We got a working application landscape — 40 applications, accurate metadata, usable diagrams — in one week. Not perfect. Not complete. But accurate enough that people trusted it and actually used it.

Here's exactly how we did it.


Day One: Get Your Source Documents

Don't start by asking people to fill out surveys. Start by finding the documents that already exist.

Ask your IT team for:

  • • CMDB export or service catalog
  • • Active directory export (shows applications users have access to)
  • • Network diagram or documentation
  • • Any existing system inventories

Ask your validation team for:

  • • GxP system inventory
  • • Validated systems list
  • • CSV/FDA submission system list

Most companies have this information somewhere. It's usually scattered, sometimes outdated, but it exists. Find it before you ask anyone to do extra work.

What you'll likely find: Three different spreadsheets with partially overlapping information, none of which is completely accurate. That's fine. You're getting a starting point, not a final answer.


Day Two: Import and Clean

Take those documents and get them into your EA tool. If you're using something with AI import, this might mean uploading exports and letting the AI suggest classifications. If you're doing it manually, it means copying rows from spreadsheets into your repository.

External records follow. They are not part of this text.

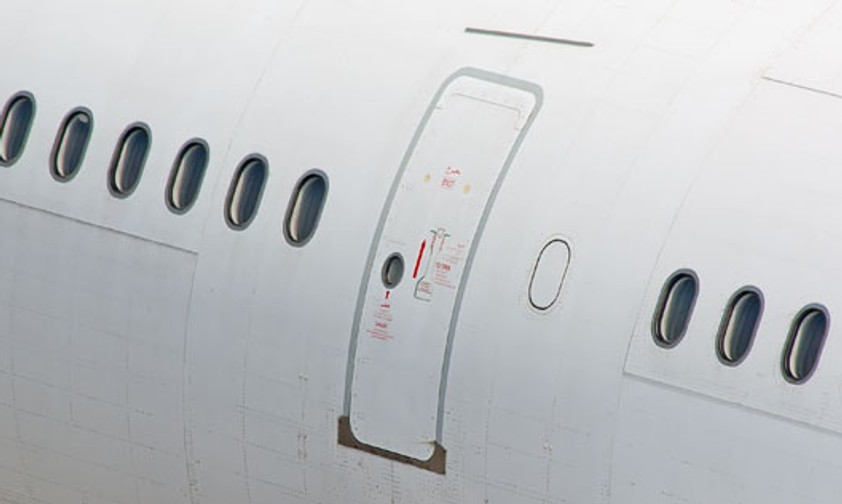 Flugzeugtür: Im Flug unmöglich zu öffnen.
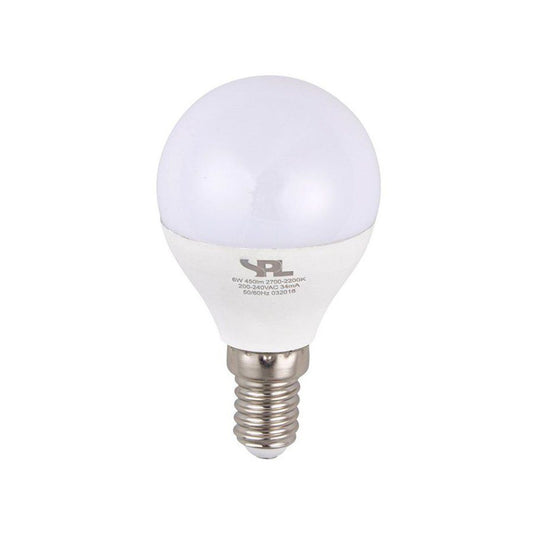 SPL LED Kronepære 6W(39W) 927-922 450lm Dim Mat E14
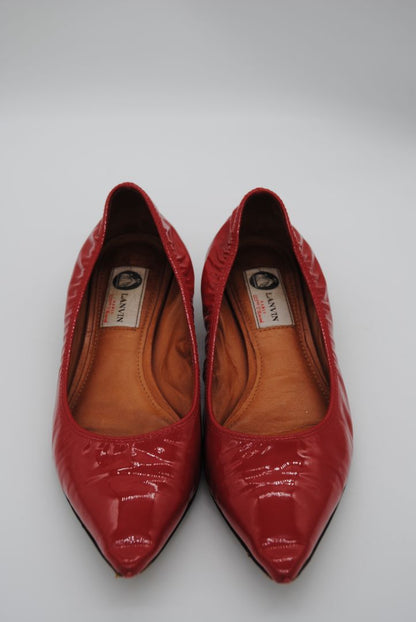 red LANVIN LANVIN pointed toe ballet flats, 38.5 EU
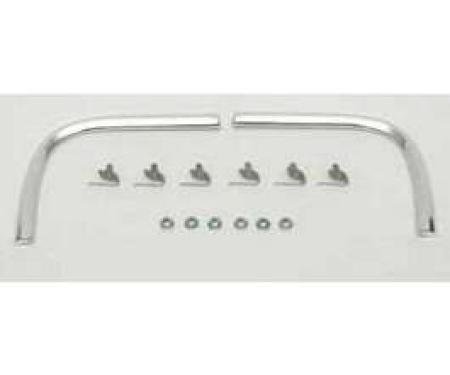Full Size Chevy Rear Quarter End Inner Cove Moldings, Impala SS & Bel Air, 1964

Either way: clean as you go, but don't try to be perfect.

Your job today is to get the list of applications in one place with basic metadata. For each application, you want:

  • • Application name
  • • What it does (one sentence)
  • • Owner team or person
  • • Key integrations (what it connects to)

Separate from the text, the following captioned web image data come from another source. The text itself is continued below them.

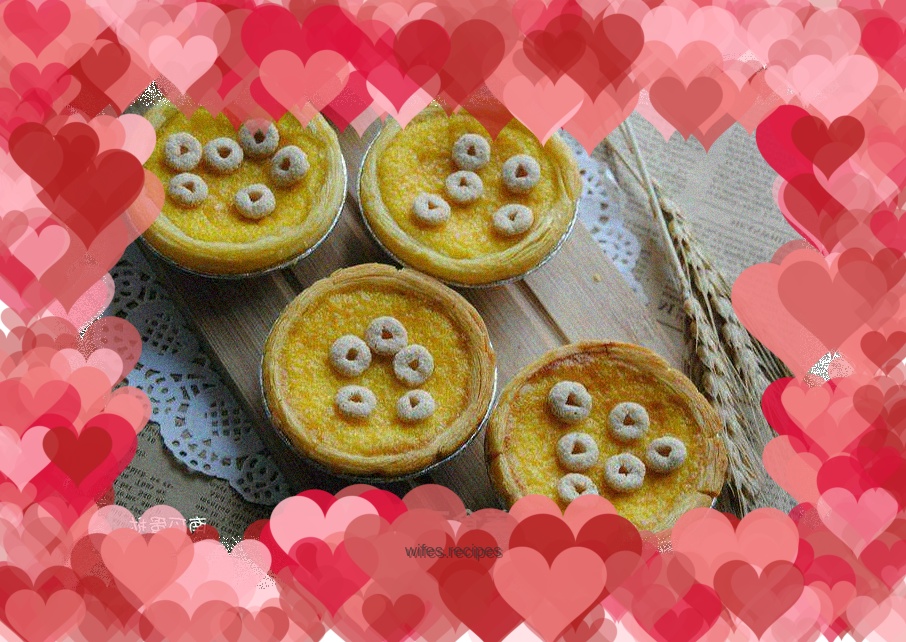 Pumpkin egg tart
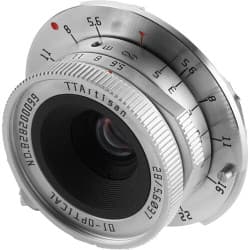 TTArtisan 28mm f/5.6 Lens for Leica M (Silver)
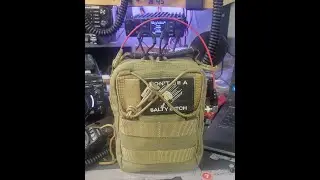 Micro Man Pack UHF/VHF/GMRS/DMR/GPS/APRS Amateur Radio Kit in an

Don't worry about nice diagrams today. Just get the list in and make sure it's accurate enough to be useful.


Day Three: Draw the First Diagram

Pick your five most important applications — the ones that are central to how your business operates. Draw them in a single diagram.

Don't try to show every application. Just show these five and how they connect to each other.

The first diagram rules:

  • • Only show applications, not processes or capabilities
  • • Show connections between them (API calls, data flows, integrations)
  • • Use simple shapes — boxes and arrows is fine
  • • Include the application name on each box

The goal today is to have one diagram that shows something true about your organization. When someone looks at it, they should recognize something they know.

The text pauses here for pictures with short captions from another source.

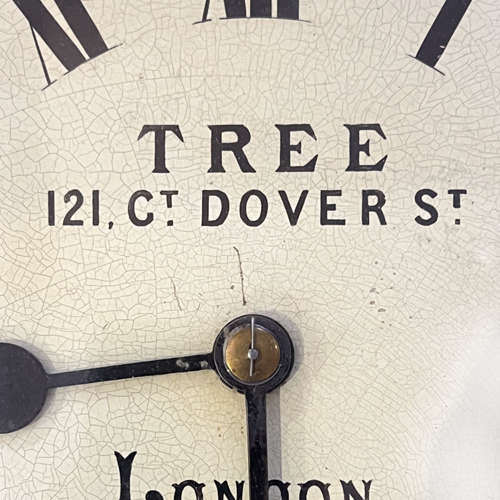 'Tree, Dover Street, London' 19th Century Wall Clock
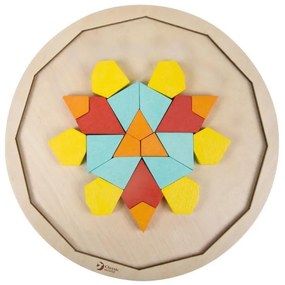 Classic world drewniane kolorowe klocki mandala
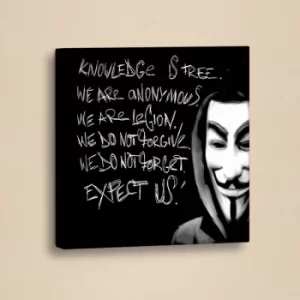 Image of SLO042 Black White Decorative Canvas Painting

Day Four: Validate With the People Who Know

This is the step most teams skip, and it's the reason their EA repositories don't get used.

Find the person who owns or uses each of your five applications. Show them the diagram. Ask them:

  • • Is this accurate?
  • • What's missing?
  • • What's wrong?
  • • What would make this more useful for you?

Take notes. Fix the diagram. Not the whole repository — just the one diagram you've built.

The conversation is more valuable than the diagram. People who feel consulted about the architecture will use it. People who feel imposed upon won't.


Day Five: Add Five More and Connect

Expand your diagram. Add the next five most important applications. Connect them to the existing ones.

Your landscape now has ten applications — roughly 10-20% of most organizations' total. That's enough to be useful.

Show the expanded diagram to your CTO or whoever requested the EA initiative. Tell them what you have and what it cost to build it. Ask what questions they most need answered from the architecture.

That's your roadmap for expansion.

What you have at end of week one:

  • • 10 applications documented with basic metadata
  • • One diagram showing how those applications connect
  • • Validated accuracy on at least 5 applications
  • • Input on what to expand to next

That's a working application landscape. It might not cover everything. But it's accurate, it's being used, and it's expanding based on actual priorities.


What Happens After Week One

Most teams make the mistake of trying to build everything at once. The right approach is to keep the momentum going but stay focused:

  • Week two: Add five more applications. Get those validated.
  • Week three: Start adding metadata beyond the basics — compliance classification, business criticality, data sensitivity.
  • Week four: Connect to business capabilities. Show not just what systems exist but what business functions they support.

By the end of month one, you have a real repository that people trust because they've seen it validated. That's the foundation everything else gets built on.

The worst thing you can do is spend six months building a comprehensive model that nobody uses because it's too big to maintain. Start small. Start accurate. Expand from there.